Lesson from Europe
Strategies of reform for U.S composites education derive much from programs already extant in Europe.
Many countries employ rigorous vocational training for young students, say the authors of Pathways to Prosperity: Meeting the Challenge of Preparing Young Americans for the 21st Century. This February 2011 report, prepared as part of the Pathways to Prosperity Project at the U.S.-based Harvard Graduate School of Education (Cambridge, Mass.), lays out a strategy of reform for U.S. schools that would include lessons learned from Europe. According to that report, in northern European countries, 40 to 70 percent of young students eschew university classes and opt for an educational program after grade 9 or 10 that typically combines classroom and workplace training over the next three years. Upper secondary vocational education (or VET, as it is generally known) varies significantly in structure from country to country, but there are two basic models.
The first, usually referred to as apprenticeship, has students spend three or four days per week in paid employer-organized training at the workplace, with the other day or two in related academic work in the classroom. Germany has the oldest and best-known apprenticeship system, which offers programs that lead to recognized “qualifications” (the rough equivalent of a diploma or certificate) in about 350 different occupations. Switzerland also has a very highly regarded apprenticeship system. In Germany and Switzerland, roughly 25 percent of all employers participate in work-and-learning apprentice-type programs.

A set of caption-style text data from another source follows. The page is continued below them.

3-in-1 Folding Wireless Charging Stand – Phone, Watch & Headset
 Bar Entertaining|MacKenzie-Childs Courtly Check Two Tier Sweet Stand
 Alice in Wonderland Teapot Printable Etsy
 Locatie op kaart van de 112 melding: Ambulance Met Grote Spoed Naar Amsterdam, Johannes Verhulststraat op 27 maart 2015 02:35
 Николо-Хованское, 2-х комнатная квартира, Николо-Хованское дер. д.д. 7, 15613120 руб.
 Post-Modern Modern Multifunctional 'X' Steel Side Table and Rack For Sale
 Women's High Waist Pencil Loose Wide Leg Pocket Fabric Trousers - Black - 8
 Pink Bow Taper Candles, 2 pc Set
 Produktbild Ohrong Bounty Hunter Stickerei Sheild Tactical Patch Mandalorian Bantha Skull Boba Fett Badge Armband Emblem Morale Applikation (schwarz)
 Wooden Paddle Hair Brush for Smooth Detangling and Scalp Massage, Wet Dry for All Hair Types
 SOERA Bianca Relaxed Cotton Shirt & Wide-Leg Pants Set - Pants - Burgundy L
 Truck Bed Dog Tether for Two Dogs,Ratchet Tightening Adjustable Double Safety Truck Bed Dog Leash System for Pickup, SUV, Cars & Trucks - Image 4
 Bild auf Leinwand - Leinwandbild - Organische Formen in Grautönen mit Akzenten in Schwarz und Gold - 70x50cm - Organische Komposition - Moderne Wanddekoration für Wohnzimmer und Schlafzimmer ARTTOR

A second group of countries has opted for a model in which vocational education is mostly provided in school-based programs, although all programs incorporate at least some workplace-based learning. These countries typically introduce students to a broad cluster of occupations (e.g., health care or IT) before narrowing the focus of training in the third year. This culminates in a diploma or certificate, or qualification, enabling entry to a wide range of occupations, including traditional trades.
The Pathways to Prosperity report also cites a new European Union policy that would guarantee any youth a job, an apprenticeship or another “education option” up to the age of 25, within six months of leaving school. European employers embrace the approach, now deeply embedded in the culture, because it ensures a well-trained workforce.